APIC 2014: The changing face of the petrochemical industry
09:21 AM | May 15, 2014 | Natasha Alperowicz in Pattaya
The first day of this year’s Asia Petrochemical Industry Conference (APIC), currently under way at Pattaya, Thailand, was devoted to market studies, forecasts of the global petrochemical industry, and shifting trends in the industry. “Changes in the relative availability and prices of feedstocks are driving transformation in the world petrochemical industry,” says Roger Lee, managing director of Tecnon OrbiChem. The new global feedstock slate is causing supply and price adjustments, many permanent, for the coproducts of naphtha cracking, including ethylene, propylene, butadiene, and benzene. Companies are therefore adopting new strategies with technology as the key component, he says. Coal, gas, and biomass are among the top alternative feedstocks being exploited for petrochemicals' production.
Environmental pressures, meanwhile, are leading companies to produce biobased materials, says Charles Fryer, chairman of Tecnon Orbichem. “The choice of biobased monomers and polymers is limited at present but is widening rapidly,” he says. The most promising monomer technologies are in the area of C4 and C5 chemistry, including succinic acid; butadiene; 1,5 pentanediamine; 1,4 butanediol; and 2,5 furandicarboxylic acid. However, new biobased polymers, such as polyethylene furanoate, will have to undergo lengthy testing before they are accepted. “Companies introducing biobased monomers will have to demonstrate that their operations do not reduce food supply; that a direct replacement monomer costs the same as its synthetic equivalent, or maybe 10–20% more if it allows the end user to boast of its environmental friendliness; that a new monomer gives rise to a new polymer that has as good or better performance than existing polymers,” he says.

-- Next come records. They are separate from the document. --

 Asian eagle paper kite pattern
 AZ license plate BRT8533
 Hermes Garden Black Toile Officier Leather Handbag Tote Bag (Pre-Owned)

Meanwhile, major shifts are currently taking place in the petrochemical industry in part because of the advent of cheap shale gas feedstock in the United States, delegates have been told. Despite shortages of ethane feedstock in the Mideast, the region will remain the largest exporter of ethylene derivatives. The pace of investment in the Mideast, particularly in Saudi Arabia, will slow, but ethane crackers will still be built in Iran, Qatar, the United Arab Emirates, and Iraq.
China is the main growth engine for petrochemicals. The country at present is only 60% self-sufficient in ethylene but has an aggressive investment program in coal-to-olefins plants and naphtha-based complexes. The country’s self-sufficiency will increase, but, in absolute terms, ethylene derivatives imports will also increase. In the future, the Mideast, North America, Russia, and Asia will compete to sell product to China. In the rest of Asia, Singapore, Thailand, and Malaysia are emerging as significant manufacturing centers with competitive export positions, while mature regions, such as South Korea, Taiwan, and Japan will continue rationalizing old capacities and specializing.